20% down payment = $150,160

Mortgage to carry = $600,640

Rate at 2.89% = $2,497/month

Stress tested at 4.89% = $3,184/month

Example 2

Average condo price = $558,428

20% down payment = $111,686

Mortgage to carry = $446,742

Rate at 2.89% = $1857/month

Stress tested at 4.89% = $2368/month

The impact on purchasing power will result in a decrease of roughly $150,000 for buyers in Example 1. This means if you're looking at homes in the $700-800,000 market, you'll likely have to switch to the $500-600,000 market. The new rules are forcing buyers to build in a buffer on their budget to prepare for future interest rate increases.

Looking at Example 2, a buyer in that situation would need to prove they can pay roughly $511 more each month to qualify for the same mortgage amount. This means the buyer's annual income would need to increase by roughly $15,000 to qualify. Either you bump up your income, or you look for a more affordable condo you will qualify for at the 4.89% rate.

On the positive side, the stress test is trying to make Canadians more mindful of not maxing out at current income levels.

On the negative end, it’s reducing the current purchasing power. In already hot markets like Toronto and Vancouver, that leaves buyers with fewer options.

Someone who is considering a $500,000 purchase might already be stretching their resources to ‘move up’. The new mortgage stress test will put a ceiling on these buyers and might push them out of the market. This could cool the mid-range, 2-bedroom condo market while warming up more affordable or outlying (not in the downtown core) units where you get more square footage bang for the buck.

Interest rates are likely going up in the next year or two. If they do, the stress test will likely go up with them. In general, this means buyers will be able to afford less, because they won’t pass the stress test.

The stress test could cause buyers to shift markets

Alternatively, we might see the people who cannot afford mortgage carrying costs for a $750,800 freehold purchase shift to the condo market, where they can afford the carrying costs on $558,428. Or, they will seek out alternative lending opportunities from mortgage finance institutions, but the OFSI has made it clear that they are expecting greater fiscal responsibility from all lenders.

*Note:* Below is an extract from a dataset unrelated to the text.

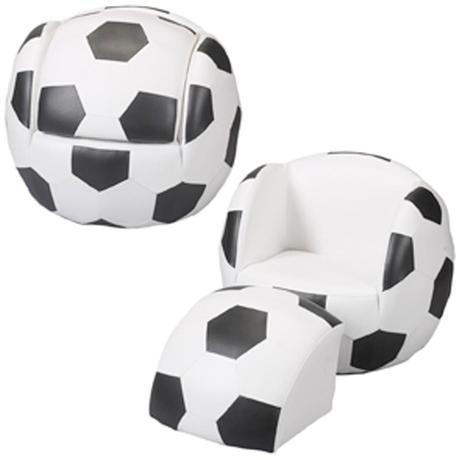 Child's Upholstered Soccer Sports Chair with Ottoman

Now might be a smart time to move from Condo to Freehold

If you’re a condo owner looking to jump to freehold, now might be the time. You’re selling into a hot condo resale market and buying into a down freehold market. Plus, you’ll beat the stress test and lock in at a low rate. Even if you stretch to get that house, your future renewal would not be stress tested if you stay with the same financial institution.

Or The stress test hits, prices drop for freeholds because they are costly, but the affordable condo market sees little change. That same condo seller / freehold buyer might see prices drop another 100k and still get in before the BoC bumps rates up again, assuming they have a big deposit.

Why is Canada implementing mortgage stress-tests?

The stress test changes are a precaution as the world moves away from near-zero interest rates. While it’s not the responsibility of the OSFI to cool our overheated real estate, they are plainly concerned about the debt loads of Canadians amid soaring home values. They see the stress test as a brake on overstretched buyers who would be vulnerable as rates rise and who might bring down sensible buyers with them, as was seen in the U.S. in 2008.

*Calculated using a 30-year amortization period. Average Toronto home price sourced via Better Dwelling. Average Toronto condo price sourced via as of Oct 16, 2017.